The US Supreme Court has upheld a federal ban on robocalls to cellphones from 1991, and it struck down a provision that exempted government-debt collectors.
“Americans passionately disagree about many things,” reads the majority opinion written by Justice Brett Kavanaugh. “But they are largely united in their disdain for robocalls.”
The ruling concerns the 1991 Telephone Consumer Protection Act (TCPA), which prohibited “almost all robocalls to phones.” A 2015 amendment to the TCPA grants an exception to robocalls made solely to collect debt on behalf of the US government.
The plaintiffs, a group of organizations that included the American Association of Political Consultants, argued that the ban violated the First Amendment by favoring debt collection speech over other forms of speech. The court agreed — but instead of striking down the TCPA, it did away with the 2015 exemption. That means the TCPA now applies to debt collection calls again.
“The robocall restriction with the government-debt exemption is content-based,” the opinion reads. “The government’s stated justification for the government-debt exception is collecting government debt. Although collecting government debt is no doubt a worthy goal, the Government concedes that it has not sufficiently justified the differentiation between government-debt collection speech and other important categories of robocall speech, such as political speech, charitable fundraising, issue advocacy, commercial advertising, and the like.”
So, in theory, government debt collectors aren’t allowed to send robocalls to your cellphone anymore. In practice, that’s probably wishful thinking.

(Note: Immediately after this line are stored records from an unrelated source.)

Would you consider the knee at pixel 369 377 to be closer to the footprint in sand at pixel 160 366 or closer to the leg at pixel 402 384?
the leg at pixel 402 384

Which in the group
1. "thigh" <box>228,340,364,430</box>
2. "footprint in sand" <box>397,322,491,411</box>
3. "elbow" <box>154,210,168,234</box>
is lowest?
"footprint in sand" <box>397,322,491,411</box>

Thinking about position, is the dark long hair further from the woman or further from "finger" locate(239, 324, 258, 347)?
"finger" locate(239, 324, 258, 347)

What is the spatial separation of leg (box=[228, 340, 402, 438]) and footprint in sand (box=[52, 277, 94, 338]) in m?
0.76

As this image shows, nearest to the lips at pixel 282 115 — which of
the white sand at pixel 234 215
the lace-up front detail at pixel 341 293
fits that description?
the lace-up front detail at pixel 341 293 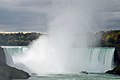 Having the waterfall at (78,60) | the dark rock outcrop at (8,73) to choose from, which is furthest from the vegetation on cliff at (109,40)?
the dark rock outcrop at (8,73)

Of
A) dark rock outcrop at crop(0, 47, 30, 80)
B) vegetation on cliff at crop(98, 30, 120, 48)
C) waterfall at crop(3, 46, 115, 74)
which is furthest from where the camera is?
vegetation on cliff at crop(98, 30, 120, 48)

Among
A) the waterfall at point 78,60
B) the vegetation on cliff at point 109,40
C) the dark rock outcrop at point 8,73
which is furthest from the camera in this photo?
the vegetation on cliff at point 109,40

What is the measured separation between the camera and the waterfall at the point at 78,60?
56.8 m

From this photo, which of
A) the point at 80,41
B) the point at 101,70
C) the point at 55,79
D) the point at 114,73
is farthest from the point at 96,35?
the point at 55,79

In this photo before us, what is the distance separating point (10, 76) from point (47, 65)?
71.4 ft

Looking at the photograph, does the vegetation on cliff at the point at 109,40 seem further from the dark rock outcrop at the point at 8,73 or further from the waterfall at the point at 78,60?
the dark rock outcrop at the point at 8,73

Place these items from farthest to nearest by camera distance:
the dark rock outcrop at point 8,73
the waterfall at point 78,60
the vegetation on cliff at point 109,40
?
the vegetation on cliff at point 109,40 < the waterfall at point 78,60 < the dark rock outcrop at point 8,73

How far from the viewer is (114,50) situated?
5741 cm

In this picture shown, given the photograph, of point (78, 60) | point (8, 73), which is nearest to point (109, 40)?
point (78, 60)

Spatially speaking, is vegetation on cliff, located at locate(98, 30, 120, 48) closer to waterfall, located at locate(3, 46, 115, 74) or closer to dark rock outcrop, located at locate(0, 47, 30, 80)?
waterfall, located at locate(3, 46, 115, 74)

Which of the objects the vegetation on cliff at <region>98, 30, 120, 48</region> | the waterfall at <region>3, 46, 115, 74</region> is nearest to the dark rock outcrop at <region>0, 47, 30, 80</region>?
the waterfall at <region>3, 46, 115, 74</region>

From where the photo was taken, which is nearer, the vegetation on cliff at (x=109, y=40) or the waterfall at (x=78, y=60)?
the waterfall at (x=78, y=60)

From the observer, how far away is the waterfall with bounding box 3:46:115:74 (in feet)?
186

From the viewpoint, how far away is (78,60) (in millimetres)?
62312
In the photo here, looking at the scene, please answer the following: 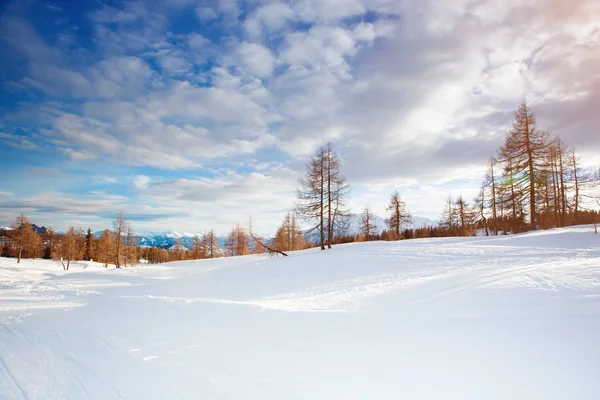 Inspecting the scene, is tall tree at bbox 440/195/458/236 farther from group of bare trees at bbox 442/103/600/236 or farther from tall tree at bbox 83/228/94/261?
tall tree at bbox 83/228/94/261

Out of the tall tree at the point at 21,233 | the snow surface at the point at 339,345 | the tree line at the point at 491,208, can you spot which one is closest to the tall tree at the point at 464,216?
the tree line at the point at 491,208

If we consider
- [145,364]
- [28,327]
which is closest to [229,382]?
[145,364]

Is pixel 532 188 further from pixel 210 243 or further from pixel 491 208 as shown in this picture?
pixel 210 243

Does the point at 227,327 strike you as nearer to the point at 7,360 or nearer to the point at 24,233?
the point at 7,360

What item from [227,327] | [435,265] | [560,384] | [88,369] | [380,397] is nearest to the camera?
[560,384]

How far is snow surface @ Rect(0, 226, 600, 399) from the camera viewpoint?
14.0 feet

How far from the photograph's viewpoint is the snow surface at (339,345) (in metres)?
4.27

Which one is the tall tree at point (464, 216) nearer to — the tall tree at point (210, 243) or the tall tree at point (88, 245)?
the tall tree at point (210, 243)

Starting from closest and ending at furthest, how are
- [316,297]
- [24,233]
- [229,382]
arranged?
[229,382]
[316,297]
[24,233]

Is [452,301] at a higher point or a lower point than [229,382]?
higher

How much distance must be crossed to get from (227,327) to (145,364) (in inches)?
77.8

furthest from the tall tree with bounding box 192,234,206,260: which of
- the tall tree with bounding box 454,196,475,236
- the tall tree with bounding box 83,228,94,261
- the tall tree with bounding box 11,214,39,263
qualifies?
the tall tree with bounding box 454,196,475,236

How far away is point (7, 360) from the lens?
5.70 meters

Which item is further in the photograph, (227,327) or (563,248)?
(563,248)
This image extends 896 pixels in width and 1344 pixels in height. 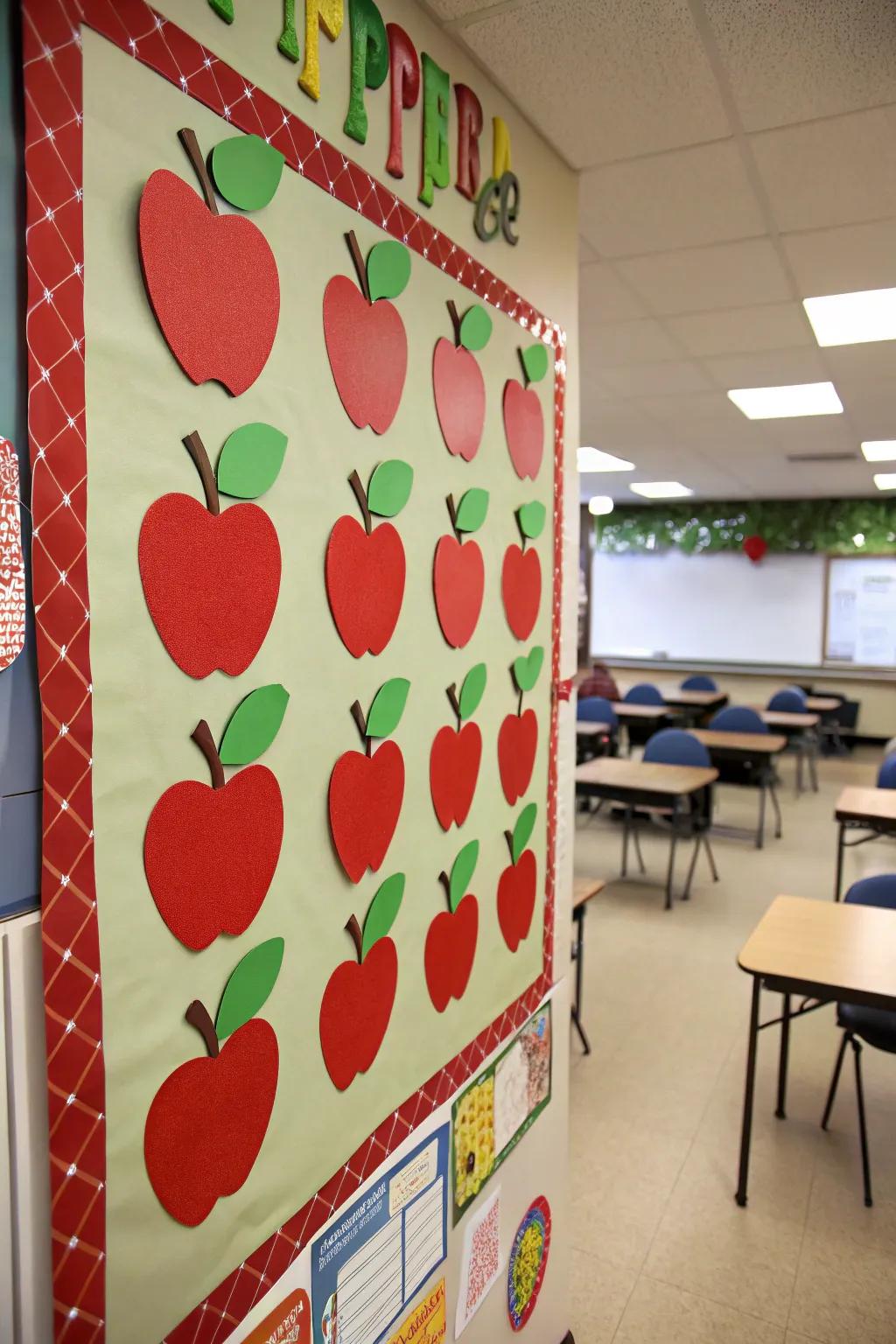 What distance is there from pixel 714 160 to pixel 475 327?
37.0 inches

Despite the fact that the TCPA has prohibited most robocalls for decades, they’re certainly alive and well. In 2019, the Federal Communications Commission estimated that more than half of all calls placed that year would be robocalls. Providers like Comcast, AT&T, and T-Mobile are in the process of rolling out promising call-verification technology, but the process has been slow, and it’s not clear yet when, or how well it will work. Still, fingers crossed.